# [Exercise details]
All entries below need to be written out exactly, but without their pictures.

=======

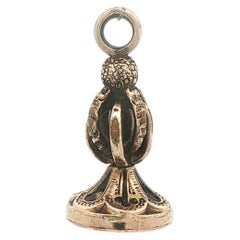 Antique Gold Filled Seal Stamp Fob Charm Pendant w/ Hardstone Bottom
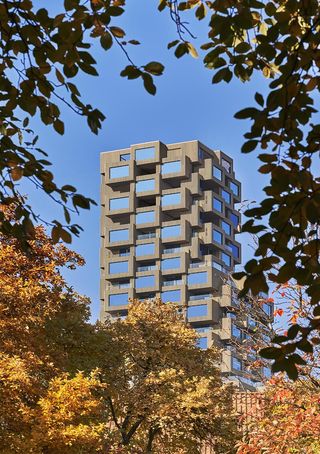 A modern high-rise residential building is pictured through a leafy foreground.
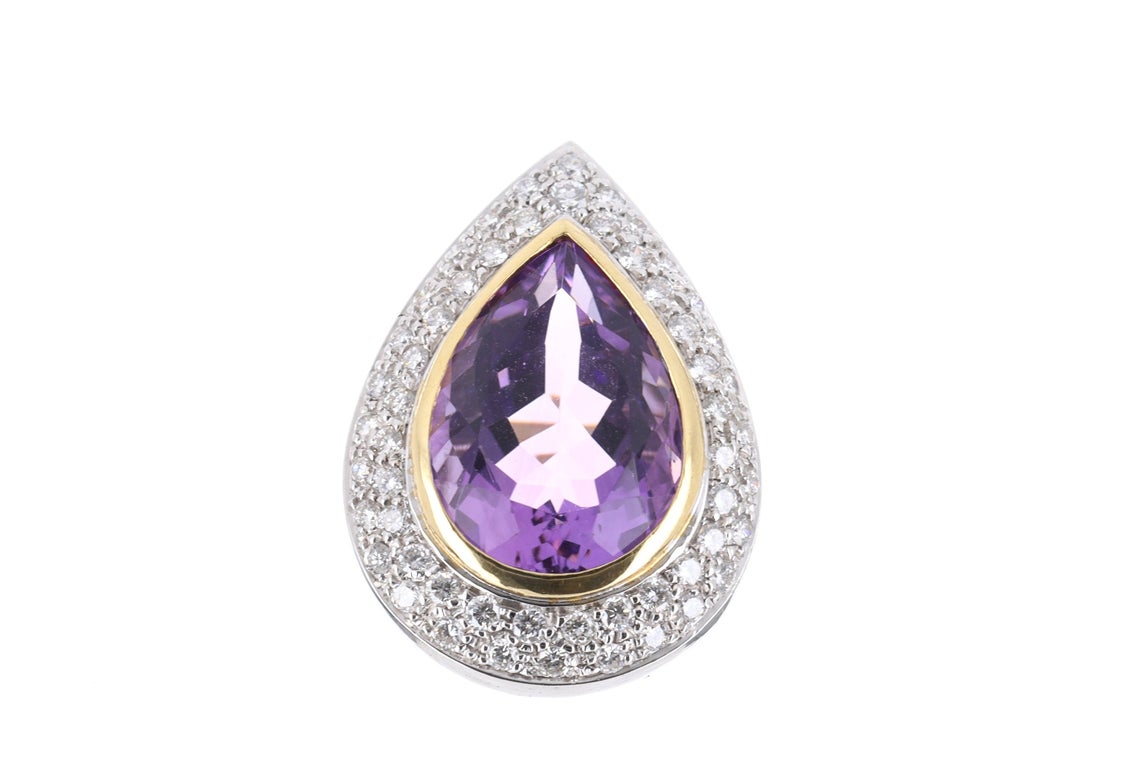 16.65tcw Pear Amethyst & Pave Diamond Cocktail Ring in 18K Gold - Elegant Statement Jewelry for Evening Parties, Weddings & Special Occasions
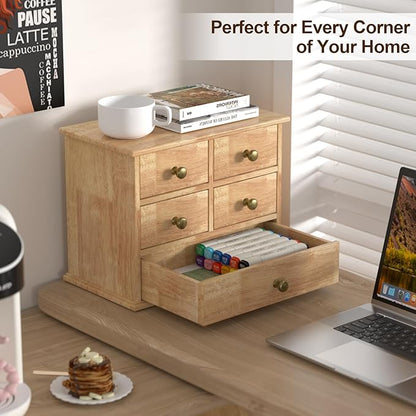 Oak Desk Organizer with Drawers, Wooden Desktop Storage Box with Metal Handles & Non-Slip Silicone Pads, 5 Drawer Tabletop Organizer for Office, Bedroom, Bathroom, Vanity, Makeup – Light Burnt Brown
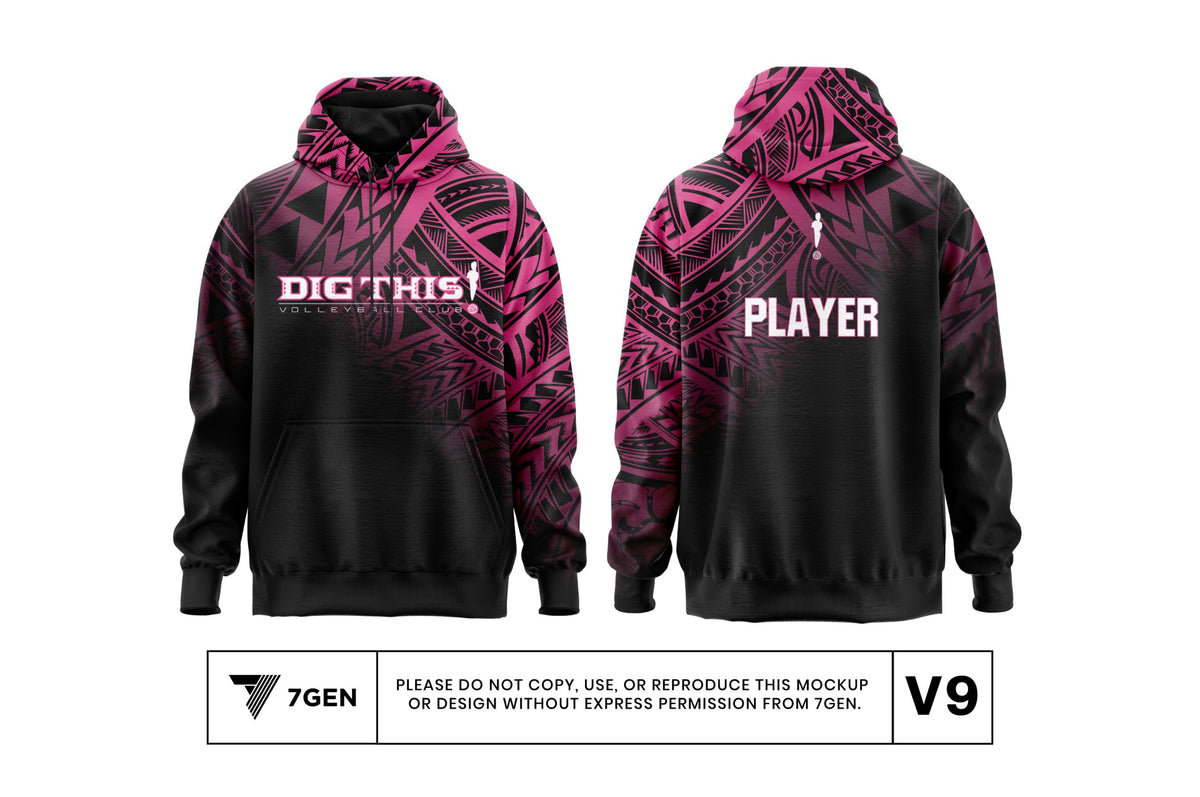 Tribal Hoodie - Black/Pink
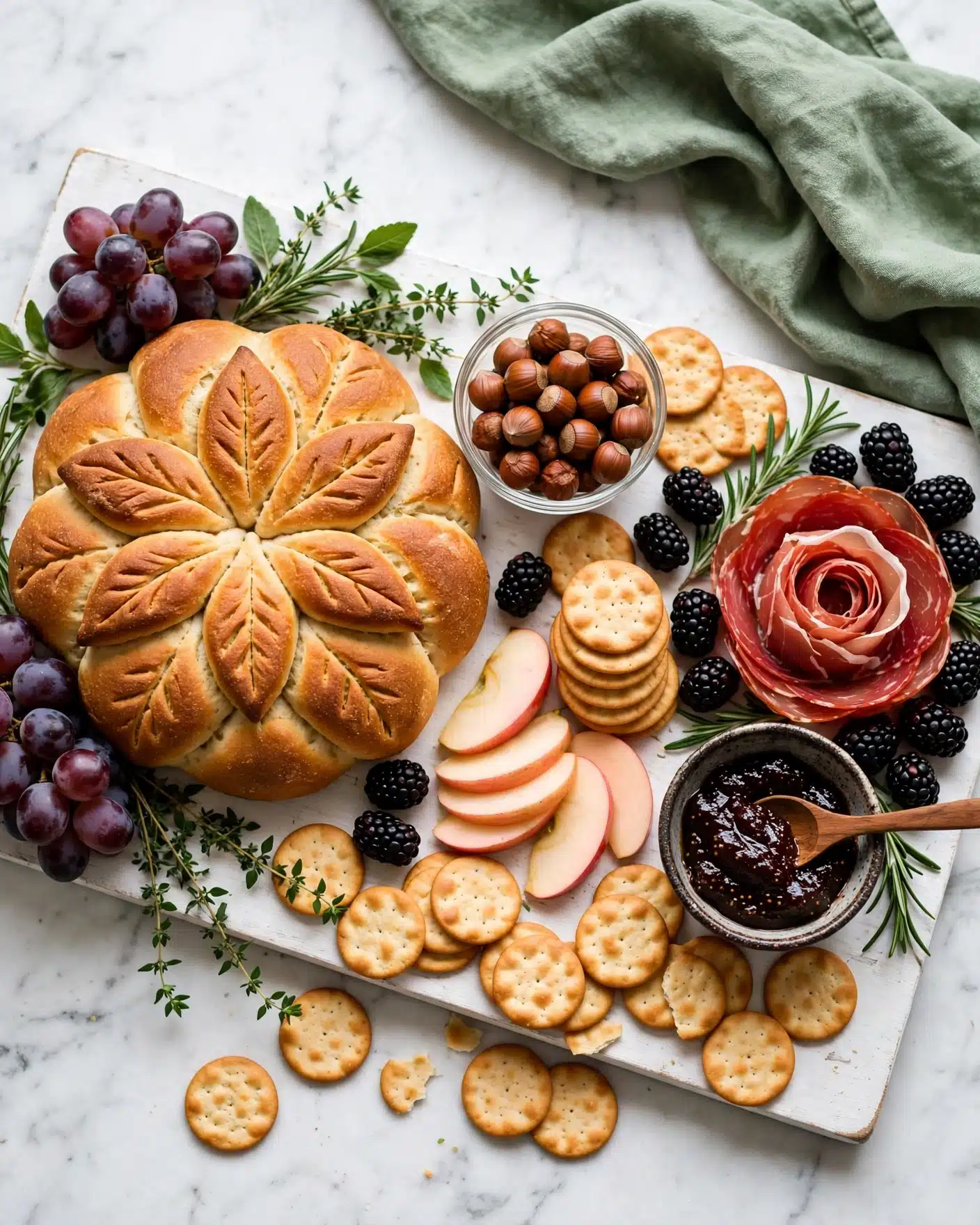 Pumpkin-Shaped Baked Brie with Fig Jam and Pecans Recipe 5 The image shows a round baked pastry shaped like a pumpkin with a golden brown crust. It has several curved sections forming the pumpkin shape, with a cinnamon stick in the center acting as the stem, and a few green leaves attached near the top. The pastry is placed on a wooden cutting board. In front of the pastry, there is a small bunch of red grapes with a smooth, shiny surface, and green leaves beside them. Part of a white marble knife handle is visible to the left. In the blurry background, there are dark grapes, a red apple, and a few crackers to the right. The whole scene is set on a white marble surface. Photo taken with an iphone --ar 4:5 --v 7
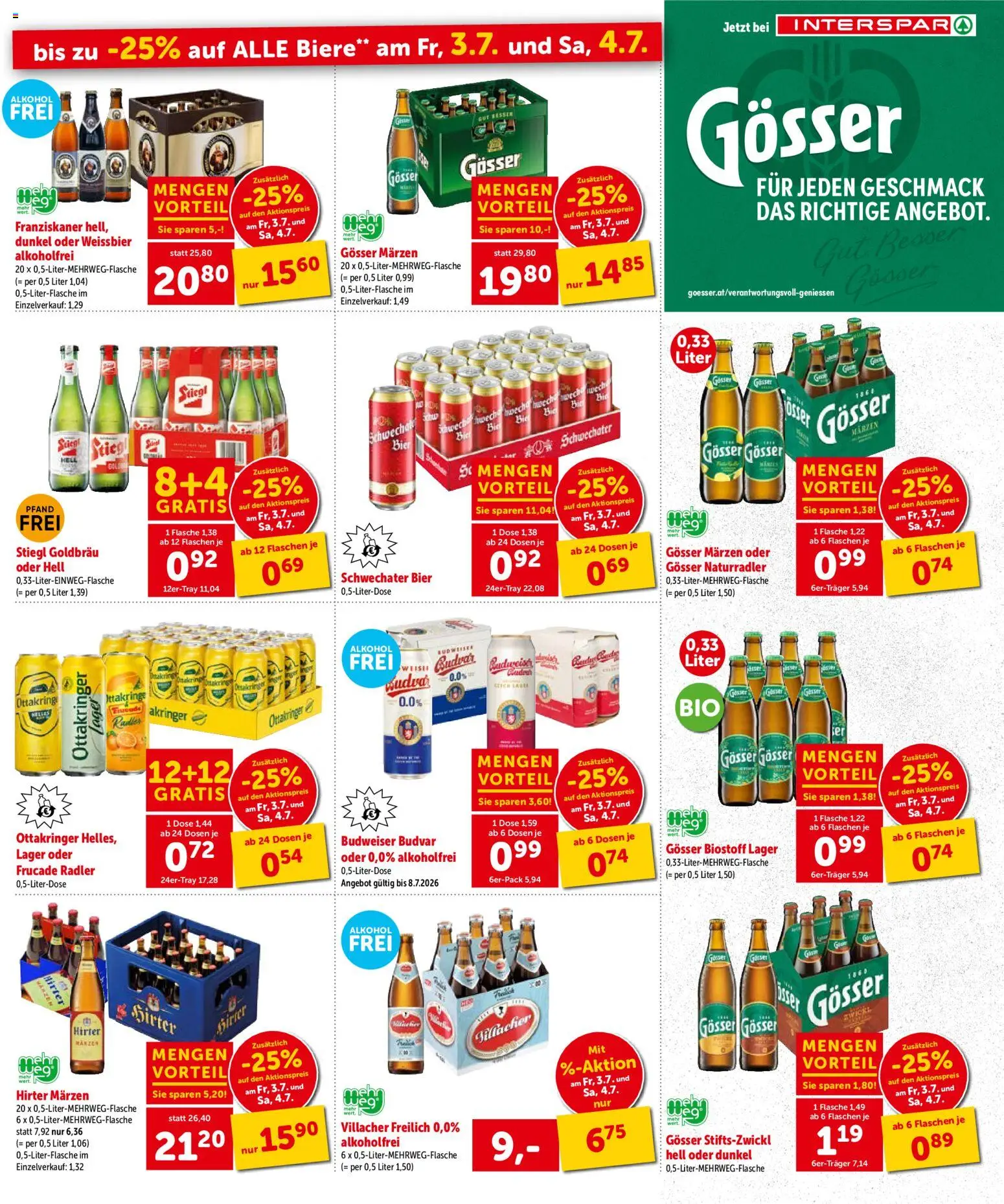 Interspar Flugblatt - Kärnten gültig ab 01.07.2026 | Seite: 3 | Produkte: Bier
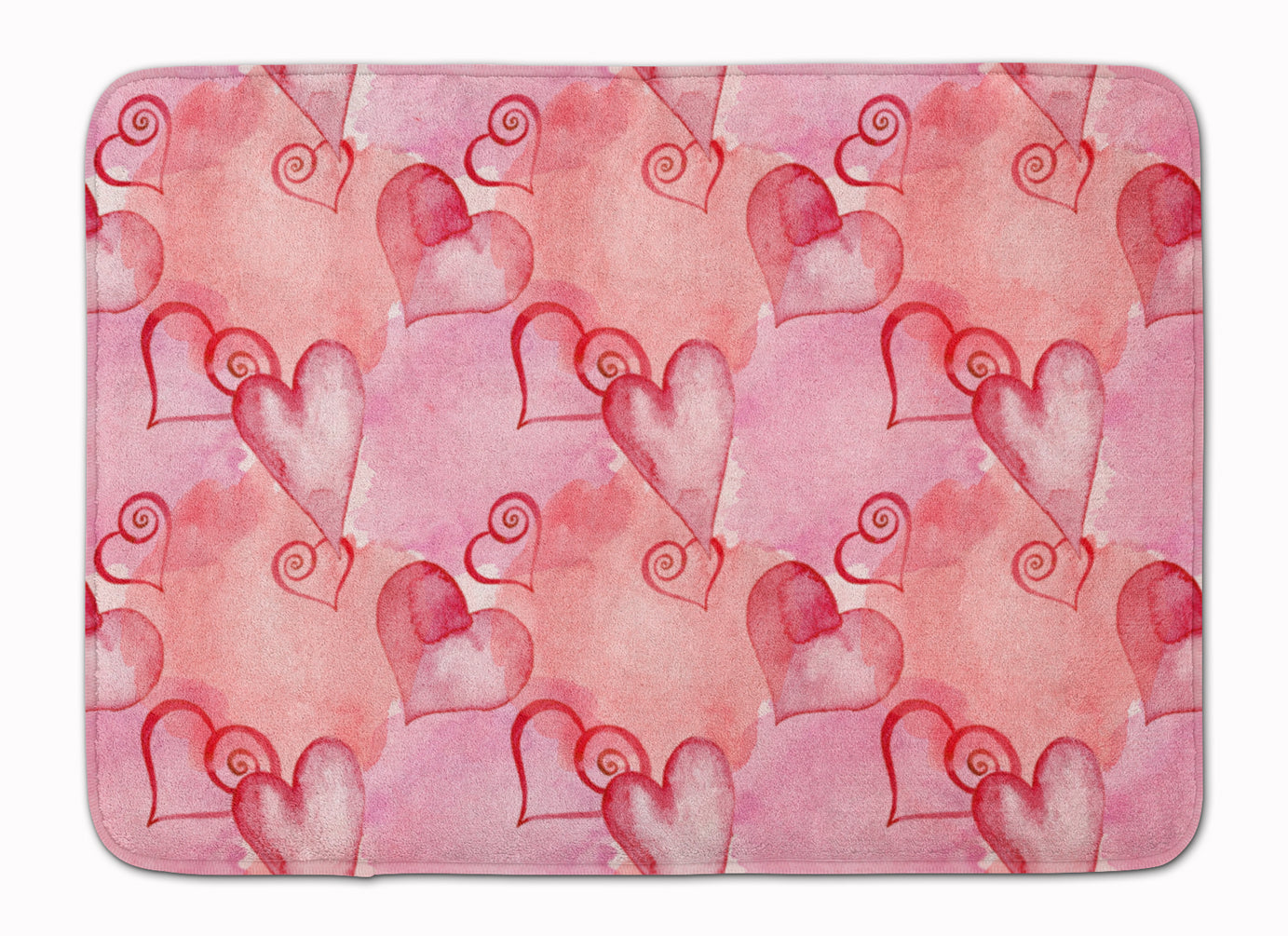 Watercolor Red Hearts Machine Washable Memory Foam Mat BB7565RUG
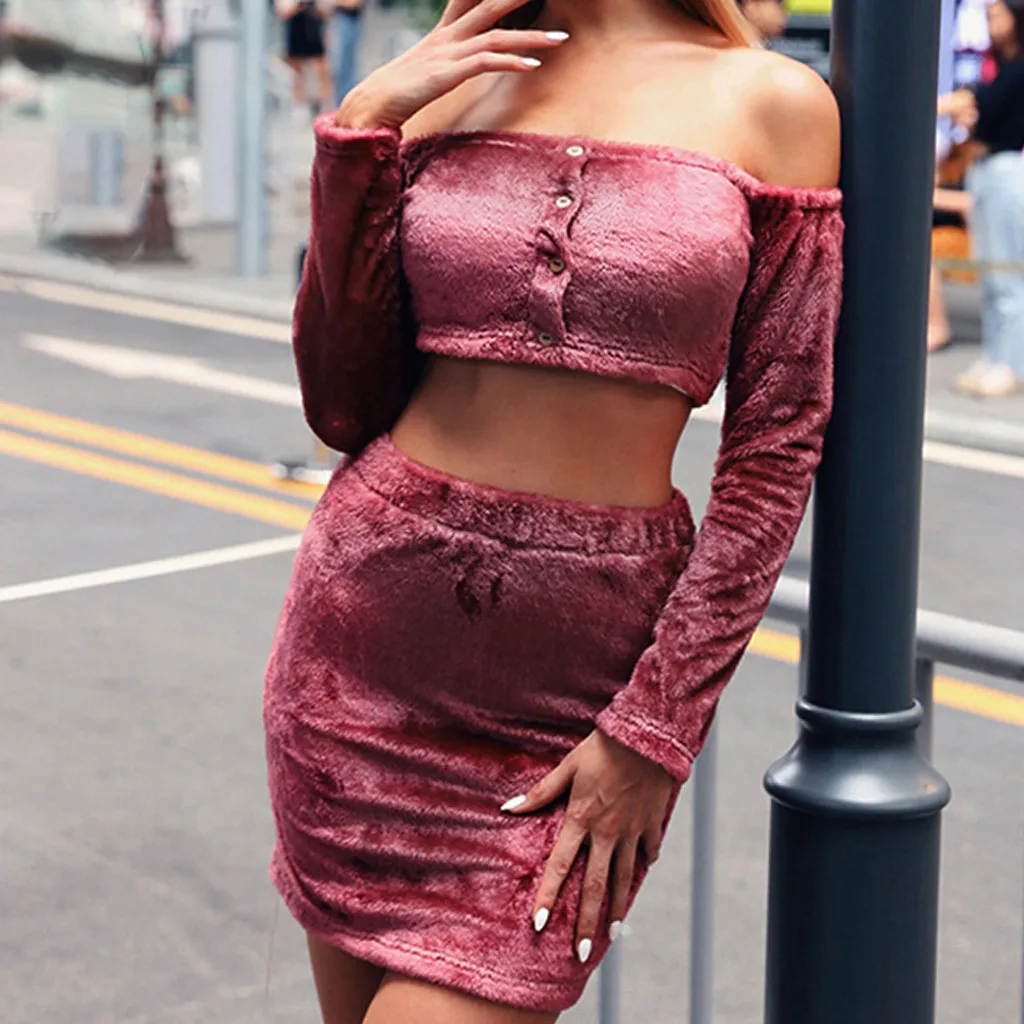 Сексуальный женский комплект из 2 предметов облегающая юбка модная однотонная с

=======

# [Final answer]
 Antique Gold Filled Seal Stamp Fob Charm Pendant w/ Hardstone Bottom
 A modern high-rise residential building is pictured through a leafy foreground.
 16.65tcw Pear Amethyst & Pave Diamond Cocktail Ring in 18K Gold - Elegant Statement Jewelry for Evening Parties, Weddings & Special Occasions
 Oak Desk Organizer with Drawers, Wooden Desktop Storage Box with Metal Handles & Non-Slip Silicone Pads, 5 Drawer Tabletop Organizer for Office, Bedroom, Bathroom, Vanity, Makeup – Light Burnt Brown
 Tribal Hoodie - Black/Pink
 Pumpkin-Shaped Baked Brie with Fig Jam and Pecans Recipe 5 The image shows a round baked pastry shaped like a pumpkin with a golden brown crust. It has several curved sections forming the pumpkin shape, with a cinnamon stick in the center acting as the stem, and a few green leaves attached near the top. The pastry is placed on a wooden cutting board. In front of the pastry, there is a small bunch of red grapes with a smooth, shiny surface, and green leaves beside them. Part of a white marble knife handle is visible to the left. In the blurry background, there are dark grapes, a red apple, and a few crackers to the right. The whole scene is set on a white marble surface. Photo taken with an iphone --ar 4:5 --v 7
 Interspar Flugblatt - Kärnten gültig ab 01.07.2026 | Seite: 3 | Produkte: Bier
 Watercolor Red Hearts Machine Washable Memory Foam Mat BB7565RUG
 Сексуальный женский комплект из 2 предметов облегающая юбка модная однотонная с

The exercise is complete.